The court’s chief prosecutor Fatou Bensouda is a former Gambian justice minister. Sidiki Kaba, to be endorsed as president of the assembly of member countries that will gather on Dec. 8, is Senegal’s justice minister. But the charge that the court is biased against Africa can’t be dismissed out of hand. Nine of 10 active court investigations are in Africa, the only exception being Georgia. The only two men the court has convicted so far also happen to be African, both Congolese warlords. Up to now, the only political leaders who have faced war crimes trials since World War II are those who fell foul of the West — and in particular, the US.
By calling the ICC “the International Caucasian Court for the persecution and humiliation of people of color,” Sheriff Bojang, Gambia’s information minister, was only expressing a sentiment widely shared in the continent. He did something more.

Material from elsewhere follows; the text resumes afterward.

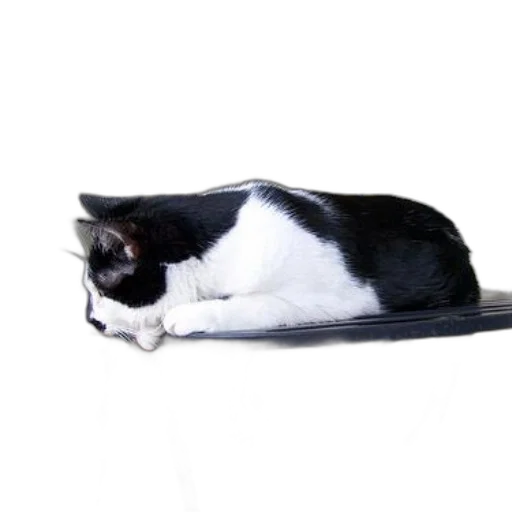 staff, animal, hat, shoes transparent PNG cut-out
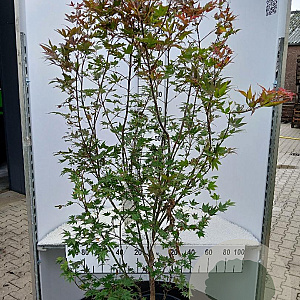 Acer pal. 'Atropurpureum' 150-175 cm 25L najaarspotting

To buttress his theme that the court has two yardsticks when it comes to war crimes and crimes against humanity, he singled out the case of Tony Blair, former British prime minister, who, he said, should have been hauled up in The Hague over the 2003 Iraq invasion. Though Bojang did not mention US President George W. Bush in this context, the Nuremberg judgment of 1946 has laid down that “to initiate a war of aggression is the supreme international crime, differing only from other war crimes in that it contains within itself the accumulated evil of the whole.” It was under this judgment that 22 senior Nazi leaders of Germany were prosecuted and punished for war crimes after World War II.
The Rome Statute which established the court has been ratified by 139 countries, 34 of them African. Regrettably, the US is a notable absence. Africa’s support began to waver in 2006, when the court looked into atrocities in Sudan’s Darfur region and, three years later, issued a warrant for the arrest of Sudan’s president, Omar Bashir, charging him with genocide, among other crimes.
Although Gambian move has created fears of an orchestrated boycott of the ICC, this may not happen because of Western pressure or inducements. But even the symbolic withdrawal of some four or five African states will deal a crippling blow to the court’s credibility and prestige. Although US President Bill Clinton did sign the Rome Statute at the fag end of his eight-year term, US Congress has not ratified it for two reasons: First, it will dilute US sovereignty in criminal justice. Secondly, American soldiers might be the subject of “politically motivated or frivolous” prosecutions. But this is a good enough reason for every country to refuse cooperation with the ICC unless we make an exception in the case of US.
Luis Moreno Ocampo, the former ICC chief prosecutor, an Argentinian, had accused South Africa and Burundi of giving leaders on the continent a free hand “to commit genocide.”
He is right, but only partially. He should have raised his voice against and expressed his indignation at those who have allowed a situation where international law is applied inequitably to prevail. Unless this imbalance is redressed, we can’t say that ICC has moved from a lofty idea to a concrete reality. The court’s new $240 million headquarters, ceremonially opened in April by King Willem-Alexander of the Netherlands, may look sparkling and magnificent but those who feel it is housing an institution lacking in moral splendor are not confined to Africa.